Giving the awakening, Rambert Dance Company’s latest work, The Celebrated Soubrette evokes a vivid world of showgirls and sequins, while also exploring the gritty desperation that lurks behind the bright lights. 'What's interesting about Vegas is that it's a city full of contradictions,’ says choreographer Javier de Frutos. 'I met a lot of people and it fascinated me how they have another sense of normality. Once they've finished, they take off their eyelashes, pick up the kids, cook dinner, then go back to the twelve o’clock show.
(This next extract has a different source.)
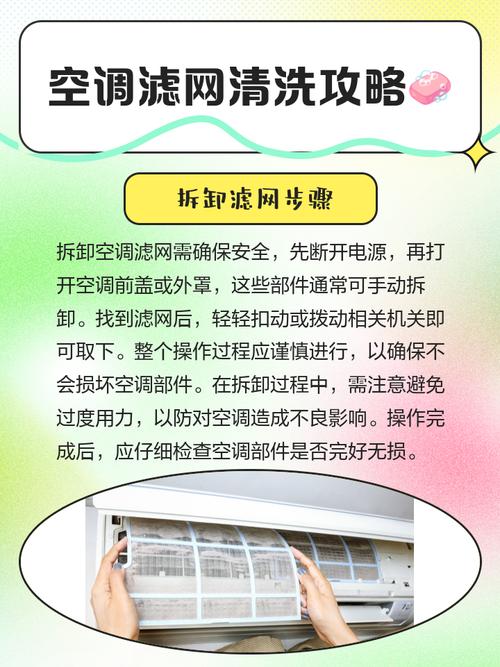 空调清洁方法：滤网、蒸发器定期清洁，吹出健康风​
There are people living there, even though it's a city built for gamblers.’

The glitz and glamour of Vegas vaudeville, the flamboyant camp of Liberace and the frustrated sexual intensity of playwright Tennessee Williams all serve as physical and musical inspiration for Rambert Dance Company's twelve-dancer ensemble. Often dismissed as too kitsch and insubstantial a subject for the high art medium of modern dance, the sequinned world of Liberace's Vegas at first seems an unlikely choice of subject.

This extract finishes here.